Bien qu’étant née à Hong Kong, en 1977, Denise Ho a grandi à Montréal, au Canada, où elle étudie l’art. Elle y apprend le français qu’elle parle toujours. De retour à Hong Kong en 1996, elle participe et gagne contre toute attente un concours de chant télévisé, New talent singing award, alors qu’elle n’a que 19 ans. Rapidement elle est repérée par la star de la Cantopop, Anita Mui dont la jeune femme est fan. La star prend la jeune apprentie sous son aile, enregistre avec elle, la fait partir en tournée et fait décoller sa carrière aussi bien à Hong Kong qu’en Chine. Denise Ho devient Hocc.

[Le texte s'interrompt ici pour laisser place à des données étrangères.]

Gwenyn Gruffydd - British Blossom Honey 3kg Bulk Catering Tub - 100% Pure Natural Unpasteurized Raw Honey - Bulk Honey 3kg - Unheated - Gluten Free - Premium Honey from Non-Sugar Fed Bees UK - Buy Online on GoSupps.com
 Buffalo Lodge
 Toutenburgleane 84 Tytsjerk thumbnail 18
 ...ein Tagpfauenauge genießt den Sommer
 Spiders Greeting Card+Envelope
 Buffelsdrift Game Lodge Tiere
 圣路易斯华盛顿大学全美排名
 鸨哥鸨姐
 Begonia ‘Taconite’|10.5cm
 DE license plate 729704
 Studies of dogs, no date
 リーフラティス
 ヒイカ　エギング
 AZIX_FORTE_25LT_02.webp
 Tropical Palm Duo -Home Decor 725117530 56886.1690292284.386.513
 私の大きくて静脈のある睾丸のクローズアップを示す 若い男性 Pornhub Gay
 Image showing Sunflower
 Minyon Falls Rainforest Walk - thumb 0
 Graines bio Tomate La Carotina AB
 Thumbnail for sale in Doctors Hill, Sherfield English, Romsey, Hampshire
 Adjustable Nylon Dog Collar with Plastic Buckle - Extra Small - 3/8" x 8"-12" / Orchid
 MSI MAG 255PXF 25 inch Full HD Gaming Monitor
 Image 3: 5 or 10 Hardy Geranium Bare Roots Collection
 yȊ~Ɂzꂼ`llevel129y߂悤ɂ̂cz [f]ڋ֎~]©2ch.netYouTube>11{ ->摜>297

Sa carrière commence alors que Hong Kong vit un moment charnière de son histoire quand en 1997, l’ancienne colonie britannique est rétrocédée à la Chine, tout en conservant des libertés conformément au fameux principe intronisé par Deng Xiaoping, “un pays, deux systèmes”

Denise Ho, ou Hocc devient la grande soeur des Hongkongais.e.s qui fait de la pop pour jeunes filles. Son air juvénile, et sa musique, souvent considérée comme légère pourraient faire passer Denise Ho pour une popstar inoffensive. Pourtant, elle a toujours utilisé sa notoriété pour exprimer son engagement politique très prononcé. En 2012, elle est la première célébrité à faire son coming out. Elle militait déjà en faveur du mariage gay, notamment a Taïwan qui l’a voté en 2010, et certains de ses morceaux, comme Rosemary abordaient déjà le thème du lesbianisme dès 2002. 

"Carrie, va-t-en"

“Carrie Lam, step down”. C'est ce qu'on peut lire sur les pancartes de certains manifestants ces dernières semaines. En plus du slogan, on y voit le visage austère de la cheffe de l’executif hongkongais, derrière ses lunettes sur fond rouge, accompagné du signe de la faucille et du marteau. La personnalité de la première femme à occuper ce poste cristallise à elle seule la contestation de ce mouvement populaire. Souvent comparée à la “Dame de fer” Margaret Thatcher, par les journalistes, cette fonctionnaire de carrière de 62 ans est souvent présentée dans la presse comme “la marionnette aux mains de Pékin”, tant sa loyauté à son prédécesseur Leung Chu-ying et au régime Chinois sont évidents.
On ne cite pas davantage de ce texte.